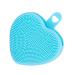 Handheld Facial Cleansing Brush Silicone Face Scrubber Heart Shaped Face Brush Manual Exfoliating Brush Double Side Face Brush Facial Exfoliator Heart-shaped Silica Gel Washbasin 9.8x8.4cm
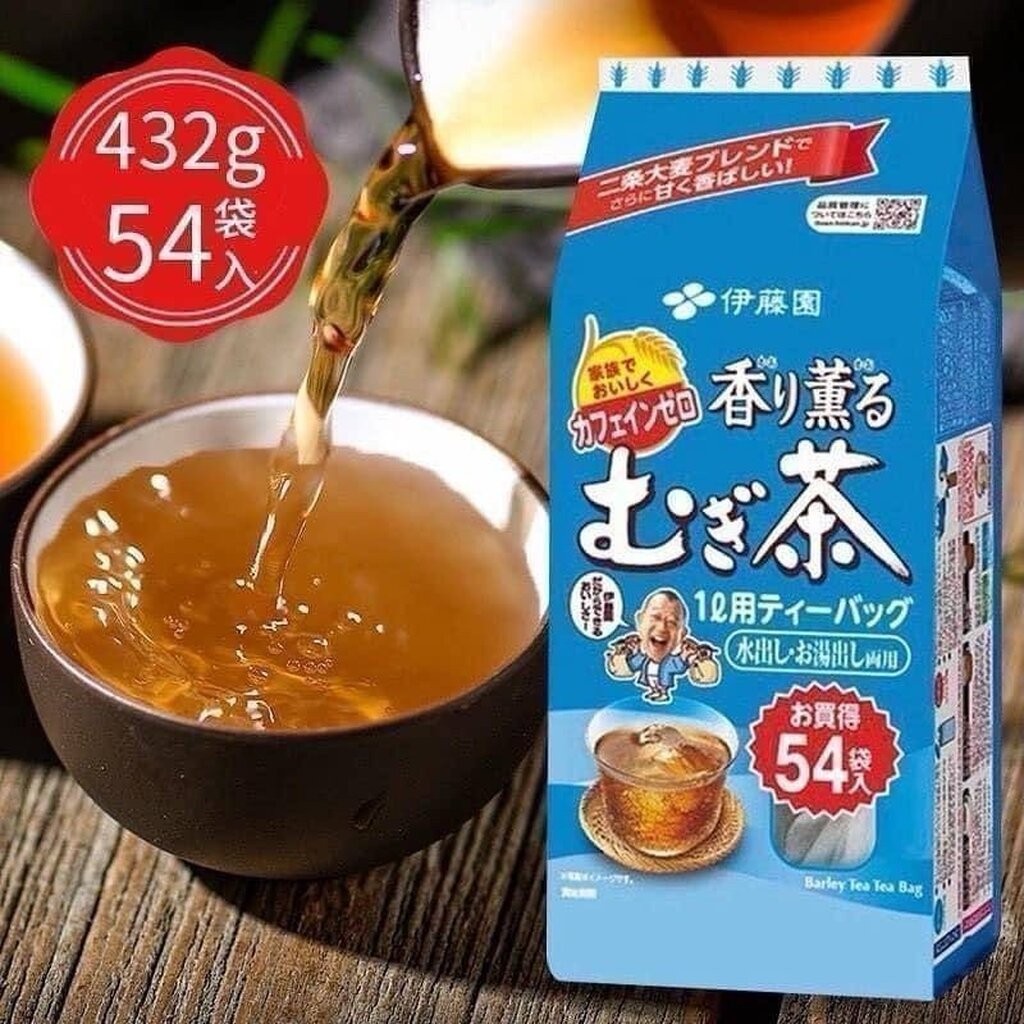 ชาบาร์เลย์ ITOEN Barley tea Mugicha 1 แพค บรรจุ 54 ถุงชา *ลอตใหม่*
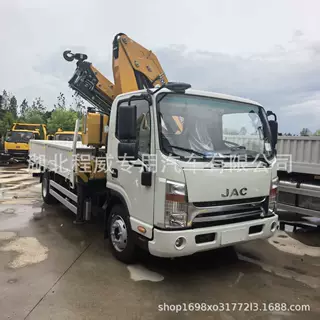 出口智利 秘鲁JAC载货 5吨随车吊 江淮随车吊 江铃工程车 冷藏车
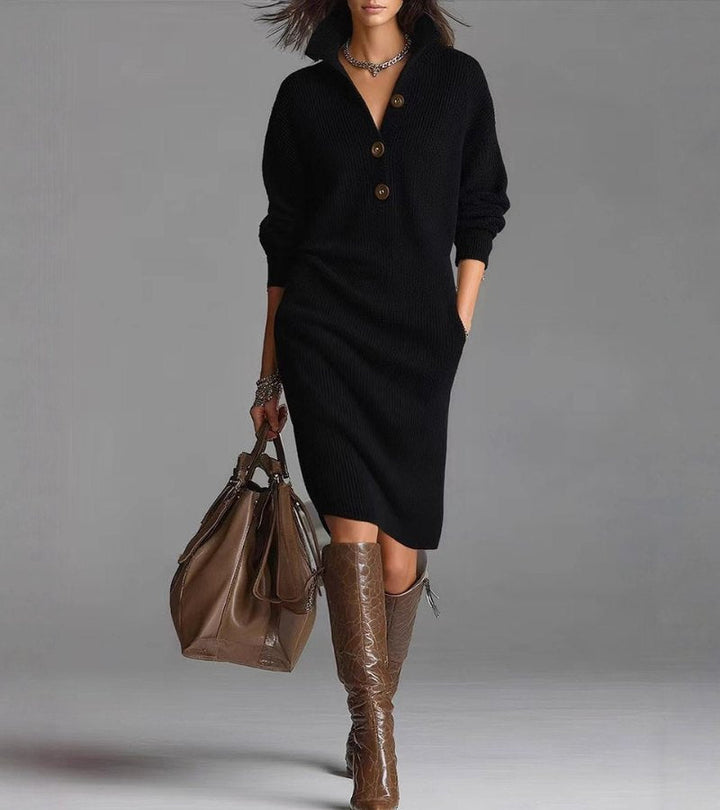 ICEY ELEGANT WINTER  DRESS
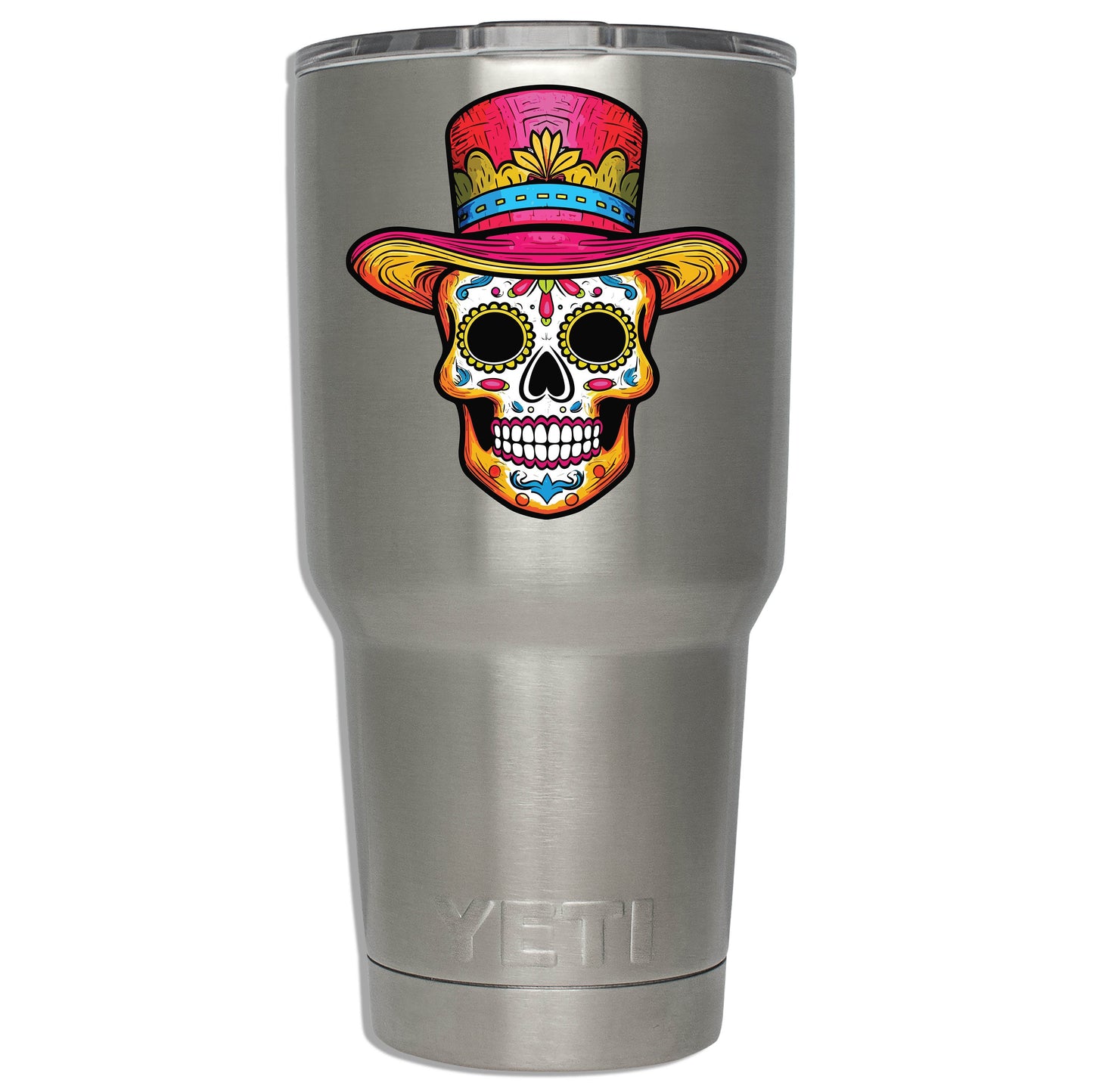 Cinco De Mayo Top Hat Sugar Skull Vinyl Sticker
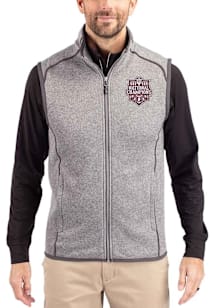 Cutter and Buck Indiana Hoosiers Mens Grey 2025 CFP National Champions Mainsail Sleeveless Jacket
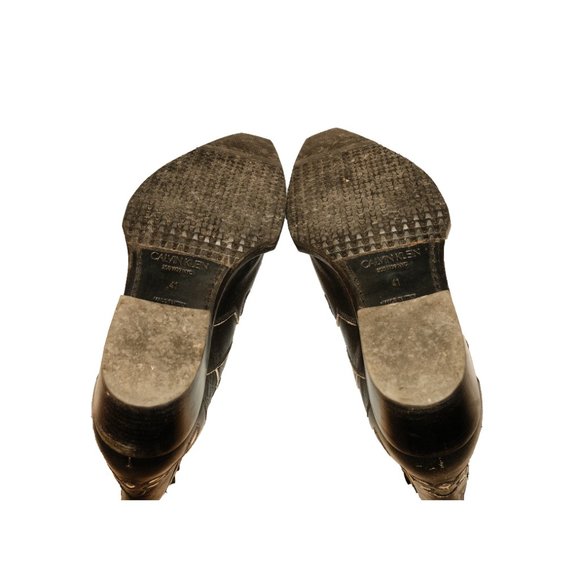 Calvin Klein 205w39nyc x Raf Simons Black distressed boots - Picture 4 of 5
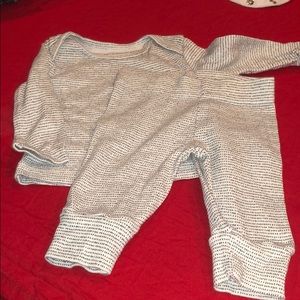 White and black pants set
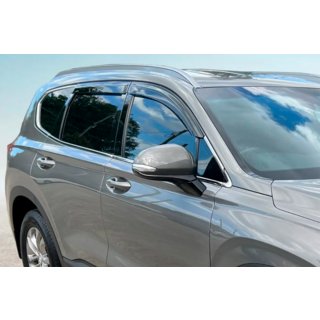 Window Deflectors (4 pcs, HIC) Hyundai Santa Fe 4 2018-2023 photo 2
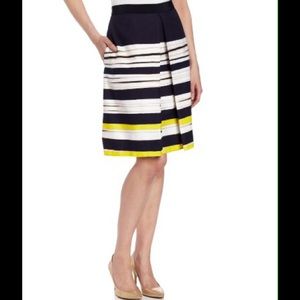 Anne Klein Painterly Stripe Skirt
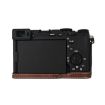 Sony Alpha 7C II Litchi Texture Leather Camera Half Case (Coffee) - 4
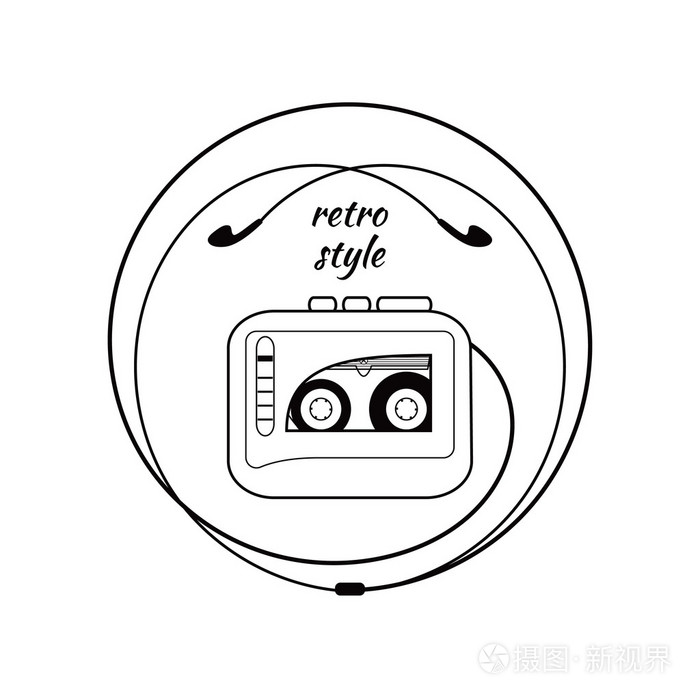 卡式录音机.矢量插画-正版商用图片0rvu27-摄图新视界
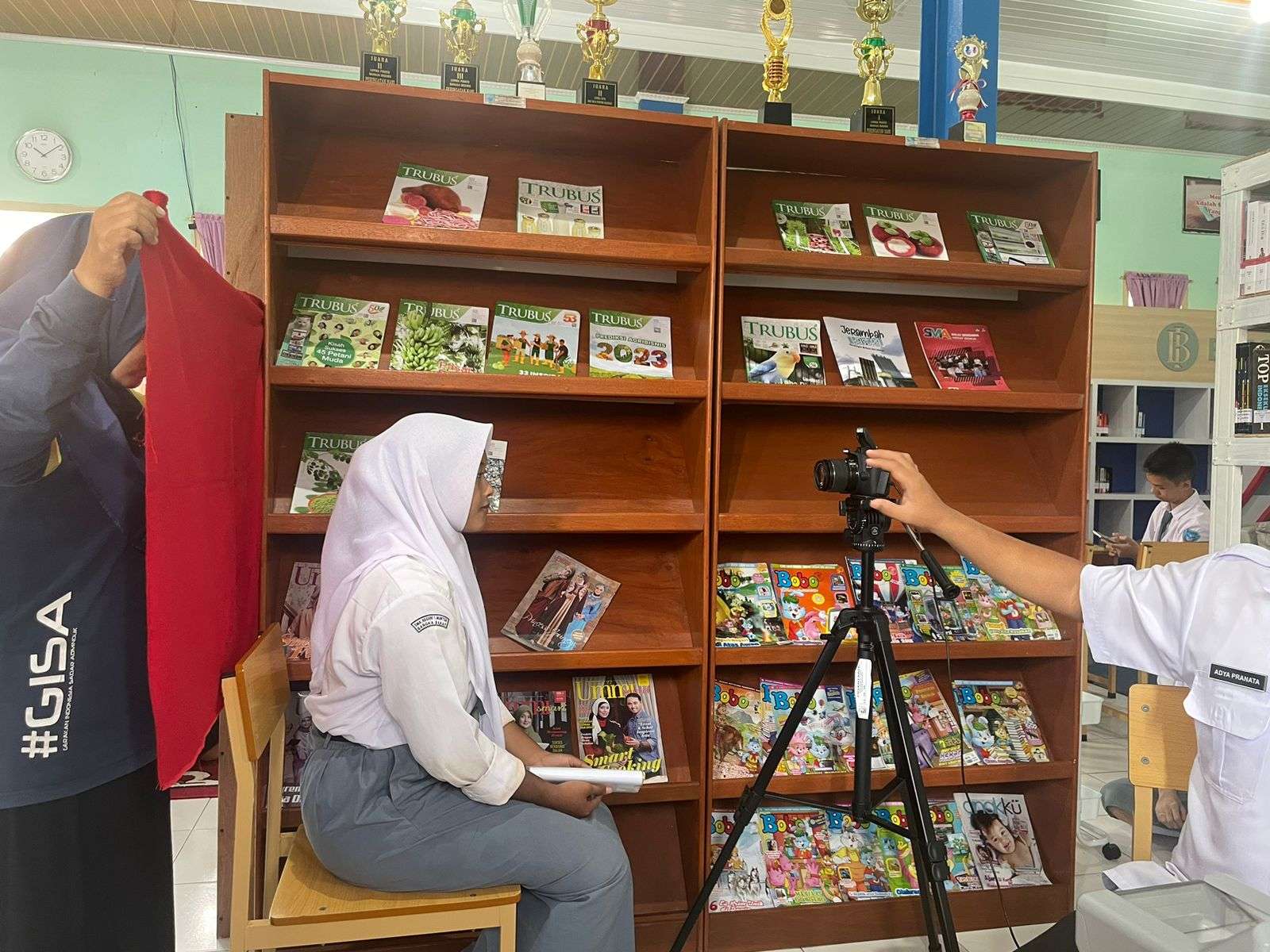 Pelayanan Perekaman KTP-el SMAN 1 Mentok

What is needed -
Could you copy every record exactly, without the pictures?

Exercise output -
 Handheld Facial Cleansing Brush Silicone Face Scrubber Heart Shaped Face Brush Manual Exfoliating Brush Double Side Face Brush Facial Exfoliator Heart-shaped Silica Gel Washbasin 9.8x8.4cm
 ชาบาร์เลย์ ITOEN Barley tea Mugicha 1 แพค บรรจุ 54 ถุงชา *ลอตใหม่*
 出口智利 秘鲁JAC载货 5吨随车吊 江淮随车吊 江铃工程车 冷藏车
 ICEY ELEGANT WINTER  DRESS
 Cinco De Mayo Top Hat Sugar Skull Vinyl Sticker
 Cutter and Buck Indiana Hoosiers Mens Grey 2025 CFP National Champions Mainsail Sleeveless Jacket
 Calvin Klein 205w39nyc x Raf Simons Black distressed boots - Picture 4 of 5
 White and black pants set
 Window Deflectors (4 pcs, HIC) Hyundai Santa Fe 4 2018-2023 photo 2
 Anne Klein Painterly Stripe Skirt
 Sony Alpha 7C II Litchi Texture Leather Camera Half Case (Coffee) - 4
 卡式录音机.矢量插画-正版商用图片0rvu27-摄图新视界
 Pelayanan Perekaman KTP-el SMAN 1 Mentok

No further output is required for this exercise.